#### Your goal
Beginning with the line that contains "Once a module" in the material below, print each line exactly until the line that contains "Welcome back to" has been printed, then stop.

#### Given data

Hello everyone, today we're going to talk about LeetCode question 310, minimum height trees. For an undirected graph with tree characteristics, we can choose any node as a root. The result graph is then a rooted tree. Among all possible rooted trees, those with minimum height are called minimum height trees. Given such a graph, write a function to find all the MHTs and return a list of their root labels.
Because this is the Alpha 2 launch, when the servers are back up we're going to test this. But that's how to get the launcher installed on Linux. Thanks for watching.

--

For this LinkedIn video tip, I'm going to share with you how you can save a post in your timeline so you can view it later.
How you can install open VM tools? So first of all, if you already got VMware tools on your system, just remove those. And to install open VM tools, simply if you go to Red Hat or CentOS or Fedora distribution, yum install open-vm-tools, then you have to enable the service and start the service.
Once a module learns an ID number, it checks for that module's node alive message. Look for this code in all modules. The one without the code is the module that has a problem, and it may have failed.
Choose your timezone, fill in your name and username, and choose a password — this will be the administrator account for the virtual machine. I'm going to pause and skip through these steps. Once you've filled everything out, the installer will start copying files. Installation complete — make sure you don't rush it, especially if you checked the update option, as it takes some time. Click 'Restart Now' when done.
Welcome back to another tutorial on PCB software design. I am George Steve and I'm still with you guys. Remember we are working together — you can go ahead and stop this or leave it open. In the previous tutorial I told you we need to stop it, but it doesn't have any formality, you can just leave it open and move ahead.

#### Result
Once a module learns an ID number, it checks for that module's node alive message. Look for this code in all modules. The one without the code is the module that has a problem, and it may have failed.
Choose your timezone, fill in your name and username, and choose a password — this will be the administrator account for the virtual machine. I'm going to pause and skip through these steps. Once you've filled everything out, the installer will start copying files. Installation complete — make sure you don't rush it, especially if you checked the update option, as it takes some time. Click 'Restart Now' when done.
Welcome back to another tutorial on PCB software design. I am George Steve and I'm still with you guys. Remember we are working together — you can go ahead and stop this or leave it open. In the previous tutorial I told you we need to stop it, but it doesn't have any formality, you can just leave it open and move ahead.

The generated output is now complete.